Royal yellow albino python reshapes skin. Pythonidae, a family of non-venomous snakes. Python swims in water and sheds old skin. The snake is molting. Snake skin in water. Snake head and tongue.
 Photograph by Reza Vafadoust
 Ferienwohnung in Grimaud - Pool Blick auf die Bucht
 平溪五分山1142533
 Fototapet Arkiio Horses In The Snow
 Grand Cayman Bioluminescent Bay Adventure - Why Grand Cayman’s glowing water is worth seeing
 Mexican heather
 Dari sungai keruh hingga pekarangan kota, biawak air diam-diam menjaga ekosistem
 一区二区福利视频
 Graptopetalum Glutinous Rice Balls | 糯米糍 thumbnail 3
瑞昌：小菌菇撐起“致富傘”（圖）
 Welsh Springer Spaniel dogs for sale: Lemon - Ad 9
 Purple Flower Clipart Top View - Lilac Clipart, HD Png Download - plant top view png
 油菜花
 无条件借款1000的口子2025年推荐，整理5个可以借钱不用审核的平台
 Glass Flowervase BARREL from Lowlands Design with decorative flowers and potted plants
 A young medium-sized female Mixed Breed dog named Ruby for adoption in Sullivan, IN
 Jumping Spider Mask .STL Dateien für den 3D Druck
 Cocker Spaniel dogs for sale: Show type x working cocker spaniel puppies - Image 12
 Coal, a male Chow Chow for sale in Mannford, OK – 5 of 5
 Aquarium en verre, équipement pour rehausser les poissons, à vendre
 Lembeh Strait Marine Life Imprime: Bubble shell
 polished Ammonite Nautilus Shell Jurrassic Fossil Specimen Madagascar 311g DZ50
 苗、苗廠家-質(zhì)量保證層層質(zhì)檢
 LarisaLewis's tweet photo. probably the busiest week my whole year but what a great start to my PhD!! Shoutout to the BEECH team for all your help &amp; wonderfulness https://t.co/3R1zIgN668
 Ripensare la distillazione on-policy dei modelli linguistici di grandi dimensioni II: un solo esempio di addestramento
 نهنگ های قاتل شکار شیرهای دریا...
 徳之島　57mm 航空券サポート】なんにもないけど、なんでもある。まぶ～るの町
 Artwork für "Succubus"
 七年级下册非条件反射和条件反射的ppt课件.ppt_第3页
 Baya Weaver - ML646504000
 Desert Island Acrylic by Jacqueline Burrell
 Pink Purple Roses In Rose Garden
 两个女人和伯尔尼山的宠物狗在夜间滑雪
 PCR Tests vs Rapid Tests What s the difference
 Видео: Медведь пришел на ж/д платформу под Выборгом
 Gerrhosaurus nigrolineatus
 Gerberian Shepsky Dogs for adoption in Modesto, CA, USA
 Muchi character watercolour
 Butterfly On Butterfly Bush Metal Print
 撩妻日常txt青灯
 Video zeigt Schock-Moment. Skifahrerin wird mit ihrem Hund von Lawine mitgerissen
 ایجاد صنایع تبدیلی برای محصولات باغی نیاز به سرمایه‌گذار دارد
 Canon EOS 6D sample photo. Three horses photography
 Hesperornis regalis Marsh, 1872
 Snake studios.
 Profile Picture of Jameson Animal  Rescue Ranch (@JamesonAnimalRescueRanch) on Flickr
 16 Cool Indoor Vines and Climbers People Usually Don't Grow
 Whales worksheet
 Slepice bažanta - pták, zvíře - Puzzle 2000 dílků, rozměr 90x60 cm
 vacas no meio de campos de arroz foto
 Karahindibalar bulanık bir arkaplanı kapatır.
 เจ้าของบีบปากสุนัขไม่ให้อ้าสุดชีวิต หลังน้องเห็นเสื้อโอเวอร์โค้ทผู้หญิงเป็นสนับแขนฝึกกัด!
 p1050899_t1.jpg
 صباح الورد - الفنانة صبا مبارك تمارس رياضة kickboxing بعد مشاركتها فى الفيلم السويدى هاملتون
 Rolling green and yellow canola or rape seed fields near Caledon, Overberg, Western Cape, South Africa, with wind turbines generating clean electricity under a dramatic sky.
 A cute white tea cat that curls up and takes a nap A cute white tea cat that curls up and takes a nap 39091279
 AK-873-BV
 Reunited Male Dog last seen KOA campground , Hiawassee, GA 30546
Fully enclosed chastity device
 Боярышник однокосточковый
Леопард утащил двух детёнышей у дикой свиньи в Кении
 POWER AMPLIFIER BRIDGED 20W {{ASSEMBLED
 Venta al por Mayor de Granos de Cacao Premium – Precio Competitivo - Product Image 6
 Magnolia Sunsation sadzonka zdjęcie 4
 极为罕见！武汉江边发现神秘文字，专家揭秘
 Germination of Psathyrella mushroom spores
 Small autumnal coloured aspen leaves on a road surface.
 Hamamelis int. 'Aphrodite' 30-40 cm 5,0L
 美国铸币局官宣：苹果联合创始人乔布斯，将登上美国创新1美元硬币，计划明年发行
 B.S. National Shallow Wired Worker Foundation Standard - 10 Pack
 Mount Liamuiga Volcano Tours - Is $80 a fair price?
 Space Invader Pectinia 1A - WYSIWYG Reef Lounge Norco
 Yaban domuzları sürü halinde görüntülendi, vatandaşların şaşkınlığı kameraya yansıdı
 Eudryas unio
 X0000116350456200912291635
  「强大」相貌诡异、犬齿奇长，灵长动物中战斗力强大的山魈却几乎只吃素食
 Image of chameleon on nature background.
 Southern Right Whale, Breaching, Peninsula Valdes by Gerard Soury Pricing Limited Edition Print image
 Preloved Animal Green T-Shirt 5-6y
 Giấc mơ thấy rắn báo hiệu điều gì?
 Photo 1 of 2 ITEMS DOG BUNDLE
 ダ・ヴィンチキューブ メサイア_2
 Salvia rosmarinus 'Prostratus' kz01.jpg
::::
TASK » Please restate word for word only the lines from the one with "Germination of Psathyrella mushroom spores" through the final line of the listing above, both of them included.

RESPONSE TO THE TASK »
 Germination of Psathyrella mushroom spores
 Small autumnal coloured aspen leaves on a road surface.
 Hamamelis int. 'Aphrodite' 30-40 cm 5,0L
 美国铸币局官宣：苹果联合创始人乔布斯，将登上美国创新1美元硬币，计划明年发行
 B.S. National Shallow Wired Worker Foundation Standard - 10 Pack
 Mount Liamuiga Volcano Tours - Is $80 a fair price?
 Space Invader Pectinia 1A - WYSIWYG Reef Lounge Norco
 Yaban domuzları sürü halinde görüntülendi, vatandaşların şaşkınlığı kameraya yansıdı
 Eudryas unio
 X0000116350456200912291635
  「强大」相貌诡异、犬齿奇长，灵长动物中战斗力强大的山魈却几乎只吃素食
 Image of chameleon on nature background.
 Southern Right Whale, Breaching, Peninsula Valdes by Gerard Soury Pricing Limited Edition Print image
 Preloved Animal Green T-Shirt 5-6y
 Giấc mơ thấy rắn báo hiệu điều gì?
 Photo 1 of 2 ITEMS DOG BUNDLE
 ダ・ヴィンチキューブ メサイア_2
 Salvia rosmarinus 'Prostratus' kz01.jpg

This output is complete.